В сем виде взятая, задача делается доступною даже смиреннейшему из смиренных, потому что он изображает собой лишь скудельный сосуд*, в котором замыкается разлитое по всюду в изобилии славословие. И чем тот сосуд скудельнее, тем краше и вкуснее покажется содержимая в нем сладкая славословная влага. А скудельный сосуд про себя скажет: вот и я на что-нибудь пригодился, хотя и получаю содержания два рубля медных в месяц! ’

Изложив таким манером нечто в свое извинение, не могу не присовокупить, что родной наш город Глупов, производя обширную торговлю квасом, печенкой и вареными яйцами, имеет три реки и, в согласность древнему Риму*, на семи горах построен, на коих в гололедицу великое множество экипажей ломается и столь же бесчисленно лошадей побивается. Разница в том только состоит, что в Риме сияло нечестие, а у нас — благочестие, Рим заражало буйство, а нас — кротость, в Риме бушевала подлая чернь, а у нас — начальники.

И еще скажу: летопись сию преемственно слагали четыре архивариуса: Мишка Тряпичкин, да Мишка Тряпичкин другой*, да Митька Смирномордов, да я, смиренный Павлушка, Маслобойников сын. Причем единую имели опаску, дабы не попали наши тетрадки к г. Бартеневу, и дабы не напечатал он их в своем «Архиве»*. А за тем богу слава и разглагольствию моему конец.

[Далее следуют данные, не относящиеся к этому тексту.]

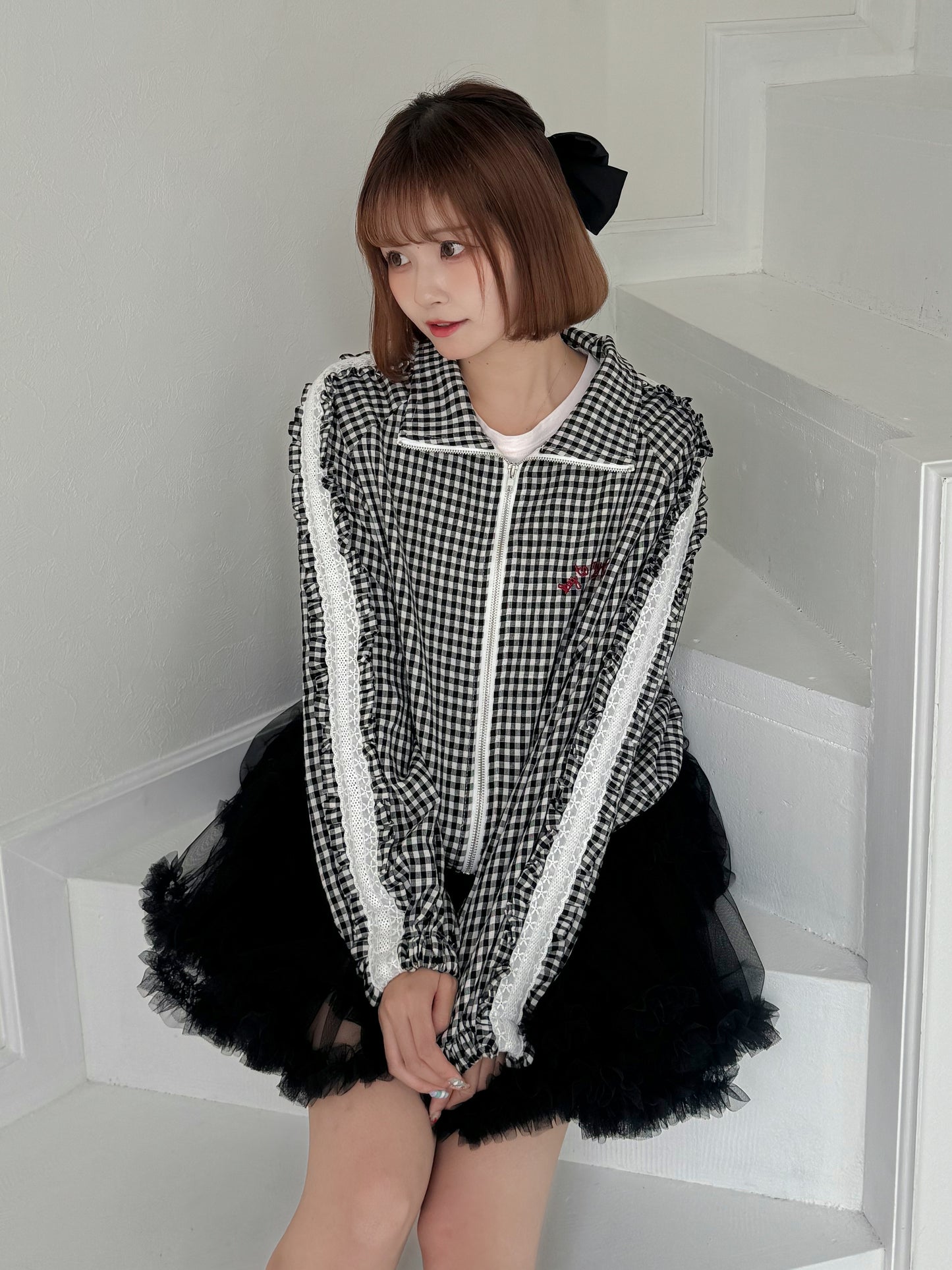 【Official限定価格】レースフリルブルゾン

О корени происхождения глуповцев

«Не хочу я, подобно Костомарову, серым волком рыскать по земли, ни, подобно Соловьеву, шизым орлом ширять под облакы, ни, подобно Пыпину, растекаться мыслью по древу, но хочу ущекотать прелюбезных мне глуповцев, показав миру их славные дела и предобрый тот корень, от которого знаменитое сие древо произросло и ветвями своими всю землю покрыло»[173].

Так начинает свой рассказ летописец, и затем, сказав несколько слов в похвалу своей скромности, продолжает.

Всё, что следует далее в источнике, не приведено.